From the records below, output exactly the lines running from the line containing "Mazda 6 Front door electric wing mirror" through the line containing "2024 Jeep Gladiator Rubicon X", and no others.
━━ Extracted entries
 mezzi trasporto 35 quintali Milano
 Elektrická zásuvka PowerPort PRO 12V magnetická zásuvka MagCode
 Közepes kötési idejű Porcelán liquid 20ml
━━━━
━━ Extracted entries
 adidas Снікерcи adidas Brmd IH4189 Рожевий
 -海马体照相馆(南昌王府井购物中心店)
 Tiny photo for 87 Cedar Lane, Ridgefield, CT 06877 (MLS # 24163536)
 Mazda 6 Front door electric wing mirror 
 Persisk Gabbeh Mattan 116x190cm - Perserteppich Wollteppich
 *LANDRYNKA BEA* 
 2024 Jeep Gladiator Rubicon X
━━━━
━━ Extracted entries
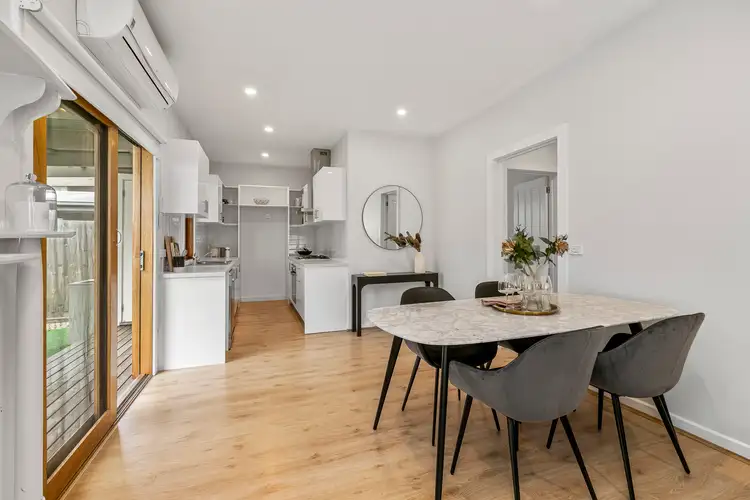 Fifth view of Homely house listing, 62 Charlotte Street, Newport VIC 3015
━━━━
### [Your solution]
 Mazda 6 Front door electric wing mirror 
 Persisk Gabbeh Mattan 116x190cm - Perserteppich Wollteppich
 *LANDRYNKA BEA* 
 2024 Jeep Gladiator Rubicon X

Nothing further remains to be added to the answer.